Pero vayamos a lo del negro, de tanta tradición en las Letras hispanas. Un negro no es sino aquel escritor contratado, generalmente de incierta fortuna, que se presta a componer un libro para que lo firme otro escritor ganado éste por la pereza o la falta de ingenio. Son muchos los casos, algunos incluso recientes, pero siempre recuerdo el de fray Justo Pérez de Urbel, el célebre abad primero del Valle de los Caídos, que publicó en 1956 “Testigos de su fe”, un compendio de las vidas ejemplares de religiosos martirizados durante la guerra civil. Pero hete aquí que la tal obra fue encargada a un negro, el gran periodista Carlos Luis Álvarez Cándido, entonces joven meritorio a dos velas, por la cantidad de 25.000 pesetas, un dineral entonces. Resultó que ante las reclamaciones y urgencias de la editorial y habiendo agotado ya el martirologio más conocido, al bueno de Cándido no se le ocurrió otra cosa que inventarse mártires objeto de infames torturas que habrían de llevarlos a los altares. Lo tiene relatado en sus memorias. El libro de fray Justo fue retirado antes de que saltase el escándalo y el Régimen cubrió el caso con el mismo tupido manto de silencio que la dictadura aplicaba a los textos incluidos en el Índice.

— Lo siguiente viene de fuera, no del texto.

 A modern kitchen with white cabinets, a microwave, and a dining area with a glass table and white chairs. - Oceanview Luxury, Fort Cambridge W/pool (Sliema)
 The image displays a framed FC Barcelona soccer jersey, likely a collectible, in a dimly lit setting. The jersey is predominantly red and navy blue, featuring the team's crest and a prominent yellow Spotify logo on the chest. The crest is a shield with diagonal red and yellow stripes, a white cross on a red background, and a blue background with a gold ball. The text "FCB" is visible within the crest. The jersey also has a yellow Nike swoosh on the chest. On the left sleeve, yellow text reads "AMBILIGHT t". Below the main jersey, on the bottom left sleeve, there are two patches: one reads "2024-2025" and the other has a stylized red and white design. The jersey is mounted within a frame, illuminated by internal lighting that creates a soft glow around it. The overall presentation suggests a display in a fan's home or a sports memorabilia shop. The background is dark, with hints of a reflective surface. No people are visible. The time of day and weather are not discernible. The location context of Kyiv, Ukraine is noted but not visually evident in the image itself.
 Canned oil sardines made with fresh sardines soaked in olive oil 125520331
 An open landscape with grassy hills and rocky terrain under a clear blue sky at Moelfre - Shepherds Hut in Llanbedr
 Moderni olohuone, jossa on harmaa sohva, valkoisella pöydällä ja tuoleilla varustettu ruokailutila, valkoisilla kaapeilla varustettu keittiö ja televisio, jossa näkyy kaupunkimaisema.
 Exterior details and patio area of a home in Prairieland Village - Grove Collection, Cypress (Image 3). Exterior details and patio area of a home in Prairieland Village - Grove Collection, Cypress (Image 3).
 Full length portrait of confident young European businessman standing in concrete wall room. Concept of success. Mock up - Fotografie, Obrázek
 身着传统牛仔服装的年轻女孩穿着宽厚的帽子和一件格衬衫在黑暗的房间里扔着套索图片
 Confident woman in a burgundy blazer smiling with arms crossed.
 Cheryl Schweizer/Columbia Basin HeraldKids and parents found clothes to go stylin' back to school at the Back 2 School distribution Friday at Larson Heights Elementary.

Nada tiene que ver con el caso que nos ocupa. He hecho la anterior referencia para ilustrar qué se entiende por negro en el mundillo de los libros y para poner en evidencia cómo Luis Cortés ha actuado de negro con pluma blanca, es decir simulando la escritura quijotesca a las claras, sin ocultarse y declarando desde el principio el carácter apócrifo de sus artículos. Lo que enaltece a este prodigioso malabarista de los coloquios nunca celebrados entre Don Quijote, Sancho y otros y las dramatis personaes que trae de las musas al teatro. Ya hubiese querido el máximo autor de las Letras españolas haber conocido a un tan notable imitador de su estilo cuya prosapia lo engarza con los mejores linajes novelescos de siglos pretéritos.
Échenle un vistazo al currículo de este catedrático de Lengua Española de la Universidad de Almería, doctor en Filología Románica por Salamanca (bajo la dirección del sabio don Antonio Llorente, autor del Atlas Lingüístico y Etnográfico de Andalucía) y tómense tiempo para ojear el currículo de un científico del idioma cuya sabiduría queda destilada en esta colección que la Editorial de la Universidad de Almería ha tenido el buen gusto y el acierto de poner a disposición de los lectores.